The capabilities that matter most are easy to list: 54 specialized agents, 20 reusable skills, a 10-phase design-to-React pipeline, and app-type awareness so it knows whether it's building a standard web app, a Chrome extension, or a PWA and adjusts accordingly. On top of that sits a full testing stack: Vitest and React Testing Library for unit and component tests, Playwright for end-to-end flows, Storybook for component documentation, and pixel-diff QA to catch visual regressions a human would miss. None of that is decoration. Each piece is there because skipping it is how client projects go sideways.
The 54 AI Agents for App Development, by Category
The heart of Aurelius is its roster of 54 agents, organized into nine categories. I won't list all 54 here, but walking through the categories with a few standouts gives you the shape of it. The point isn't the headcount. It's that each agent has a narrow job and does it well, instead of one model spreading itself thin across all of them.
Engineering Agents (12)
This is the largest group, and it covers the actual building. The frontend-developer and backend-architect agents handle the obvious split between UI and data. The rapid-prototyper exists for when you need a working shell fast. But the more interesting ones are the specialists: test-writer-fixer writes and repairs tests, error-boundary-architect makes sure failures are caught and handled instead of crashing the whole app, and migration-specialist deals with the messy work of moving schemas and data. There's also an i18n-engineer for internationalization, an animation-optimizer for smooth motion that doesn't tank performance, and a bundle-analyzer that keeps your JavaScript payload from quietly ballooning. That last one matters more than people think for the kind of fast, lightweight sites I aim for.
Design and Design-to-Code Agents (5 + 7)
The design group includes a ui-designer for layout and visual decisions, a ux-researcher for thinking through how people actually use a thing, and a brand-guardian whose entire job is making sure the output stays on-brand. Then there's a separate design-to-code group of seven agents built around converting designs into components. The figma-react-converter is the flagship, but there's also a canva-react-converter plus converters targeting Astro, Vue, Svelte, and React Native, and an asset-cataloger that organizes images and icons pulled out of a design. This is the bridge between a designer's file and shipped code, and it's the part that usually eats the most manual hours when done by hand.

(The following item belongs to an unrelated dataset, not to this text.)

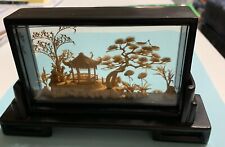Vintage Far East Art: 2 hand-carved Dioramas encased in wood with glass displys picture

Testing, Marketing, and Ops Agents
The remaining categories round out the lifecycle. Testing agents own the Vitest, Playwright, and pixel-diff work so coverage isn't an afterthought. The marketing and content agents handle the words: landing-page copy, app store listings, and the kind of clear, no-fluff writing that small-business sites live or die on. And the ops agents deal with the unglamorous infrastructure and project-coordination work that keeps a build moving. Together with engineering and design, these nine categories add up to the full 54, which is enough specialists to cover an entire product from first sketch to launch without a generalist having to fake any of it.
How They Work Together: The 10-Phase Figma-to-React Pipeline
Agents on their own are just a toolbox. What makes Aurelius useful is how they're orchestrated. The signature workflow is the Figma-to-React pipeline, and it runs from a single command: /build-from-figma <url>. You point it at a design, and ten phases run in order, each handing off to the next.

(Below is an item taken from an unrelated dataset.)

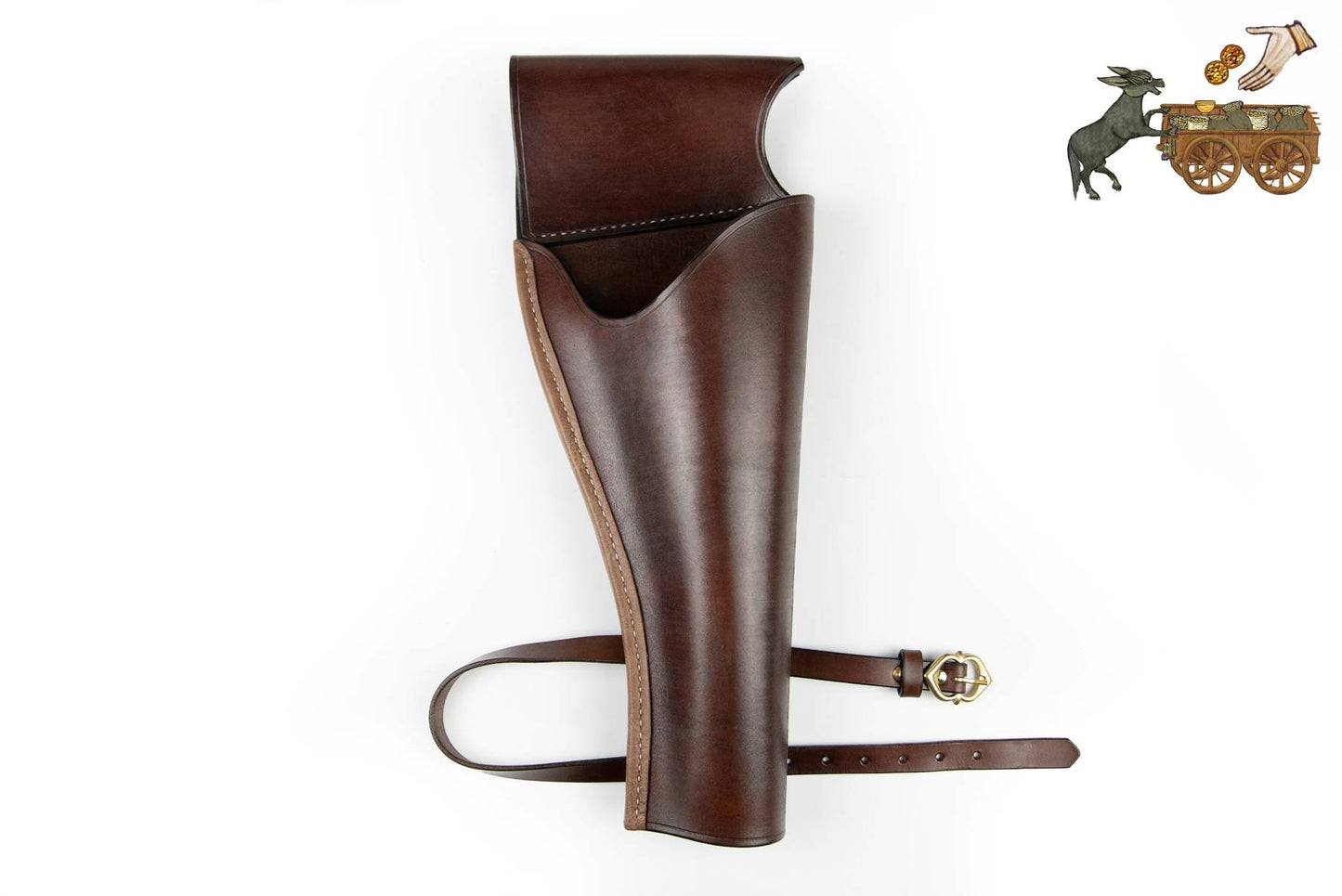 brown leather holster for over-under blaster LARP medieval weapon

- Phase 0 — Token sync and drift check: pull the design tokens (colors, spacing, type) and detect any drift from what's already in the codebase.
- Phase 1 — Intake and build-spec: read the design and produce a concrete build specification.
- Phase 2 — Token lock: freeze the design tokens so nothing downstream can quietly hardcode a value.
- Phase 3 — TDD gate: write failing tests first. This is mandatory, not optional.
- Phase 4 — Build to pass tests: write the actual components until those tests go green.
- Phase 5 — Visual pixel-diff loop: compare the rendered result against the design with a 2% threshold, iterating up to five times.
- Phase 6 — End-to-end testing: run Playwright flows that are aware of the app type being built.
- Phase 7 — Cross-browser checks: verify it holds up across browsers.
- Phase 8 — Quality gate: enforce test coverage, TypeScript correctness, a clean build, token compliance, and Lighthouse scores.
- Phase 8.5 — Responsive pass: confirm it works across screen sizes.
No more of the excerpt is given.